Таблица П.2.3. Различия в подготовке материалов для светового и электронного микроскопов

П.2.4.3. Временные препараты

П.2.4.3. Временные препараты

Временные препараты для светового микроскопа в отличие от постоянных можно сделать сравнительно быстро. Они готовятся для проведения быстрых предварительных исследований. Для этого материал фиксируют, окрашивают и заключают в среду. Срезы можно приготовить до фиксации или мацерации (древесину, например, мацерируют). Срез свежего материала можно сделать вручную с помощью бритвы непосредственно в 70% спирте, который служит фиксатором. Для окрашивания и заключения можно использовать ряд временных красителей; некоторые из них, пригодные для окрашивания растительного материала, приведены в табл. П.2.2. Каждый срез следует помещать на чистое предметное стекло (предварительно протертое спиртом) и капнуть несколько капель красителя. При окрашивании флороглюцинолом добавляется также одна капля концентрированной соляной кислоты. Затем препарат покрывают тонким покровным стеклом, чтобы предотвратить попадание воздуха и пыли и предохранить от загрязнения объектив большого увеличения (рис. П.2.4). Если образец начнет подсыхать или если заранее известно, что потребуется длительное изучение (более 10 мин), то после окрашивания препарат следует заключить в глицерин.

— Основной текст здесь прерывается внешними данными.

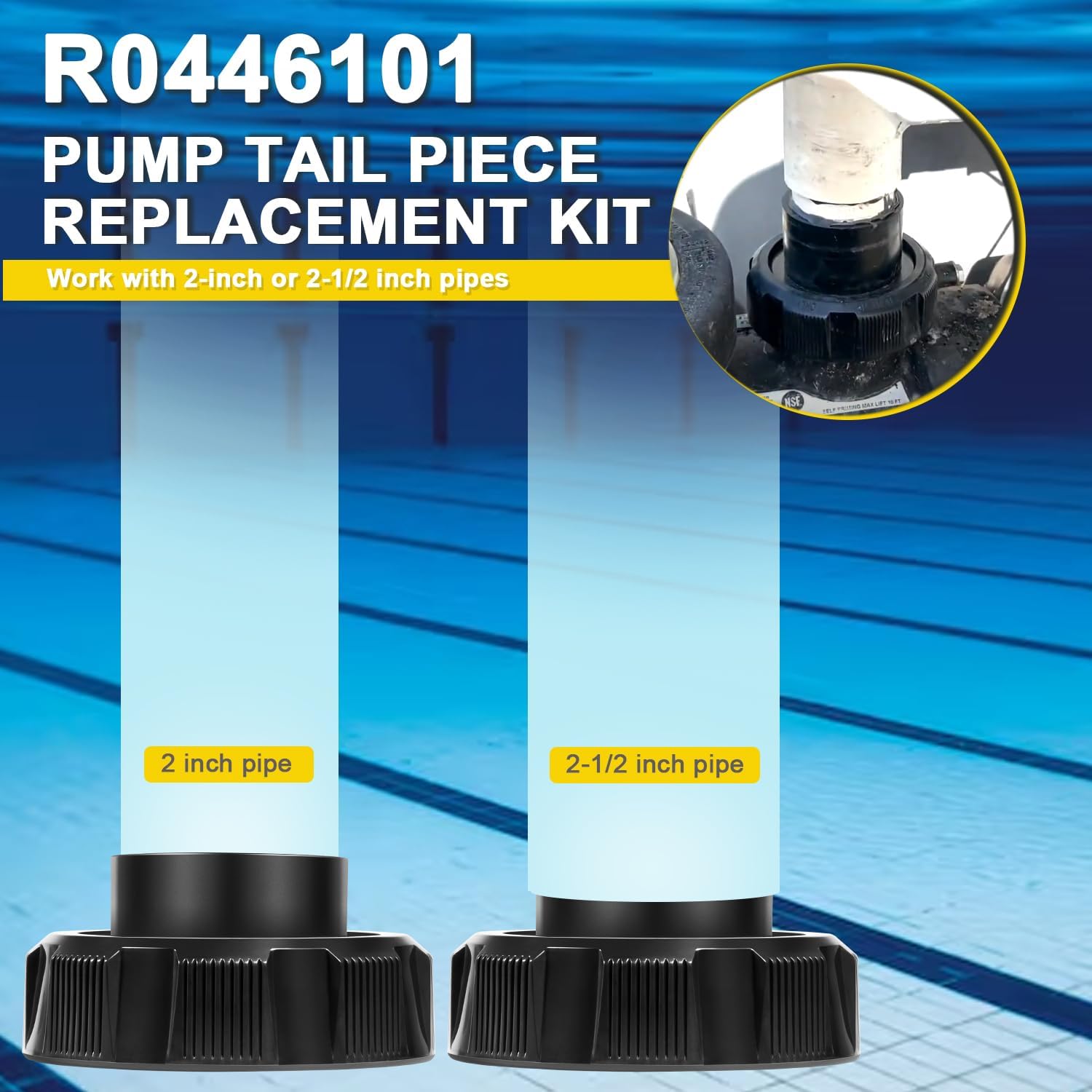 R0446101 2" x 2.5" Tail Piece with O-Ring and Coupling Nut Replacement for Zodiac Jandy ePump and Stealth Series Pumps Up to 2.7 HP 2-Pack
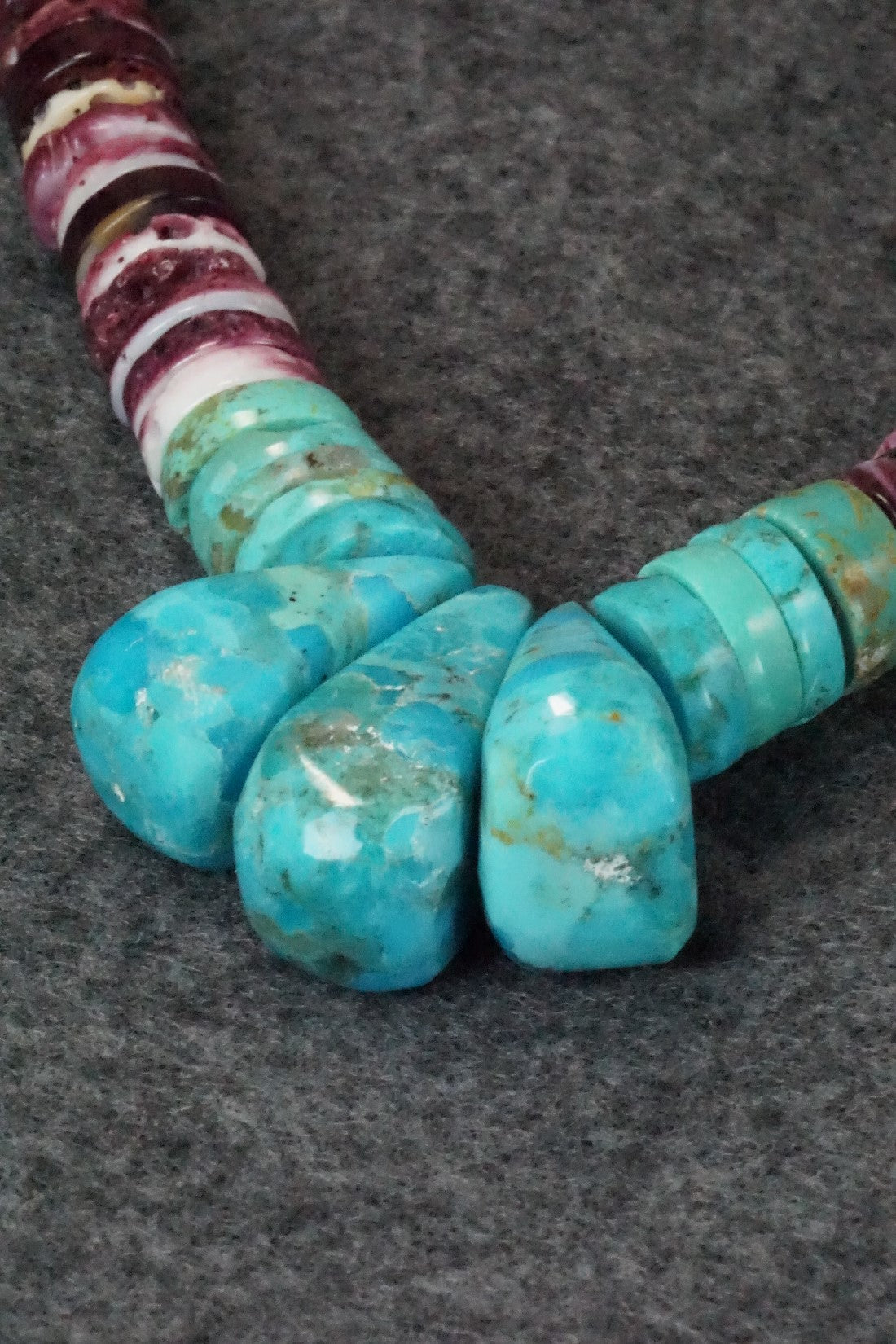 Turquoise & Spiny Oyster Necklace - Joe Garcia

Рис. П.2.4. Заключение образца и наложение покровного стекла на предметное

П.2.5. Электронный микроскоп

П.2.5. Электронный микроскоп

Разрешающая способность светового микроскопа ограничена длиной световых волн. Максимально возможное разрешение равно половине длины волны используемого света. Получить изображение объекта размером меньше, чем эта величина, невозможно. Средняя длина волны видимого света составляет примерно 550 нм, поэтому в конце XIX в. могли получить разрешение примерно в 200 нм. Незначительное увеличение разрешающей способности было достигнуто благодаря использованию специально сконструированного микроскопа с ультрафиолетовым светом (длина волны которого составляет 250 нм), обеспечивающим разрешение примерно в 100 нм. Однако многие клеточные структуры имеют меньший размер. Эта проблема была решена в тридцатые — сороковые годы, когда создание электронного микроскопа произвело революцию в биологической науке. Вместо светового излучения в электронном микроскопе используют пучок электронов, у которых длина волны значительно меньше и, следовательно, с намного большей разрешающей способностью. Длина волны электронов зависит от напряжения, подаваемого для генерации электронного пучка, но практически можно получить разрешение приблизительно в 0,5 нм, т. е. примерно в 500 раз больше, чем в световом микроскопе. Создаваемое увеличение достаточно, чтобы различить крупные молекулы. Лимитирующим фактором в достижении большего увеличения стало (и остается до сих пор) не усиление разрешающей способности микроскопа, а методы подготовки материала для исследования.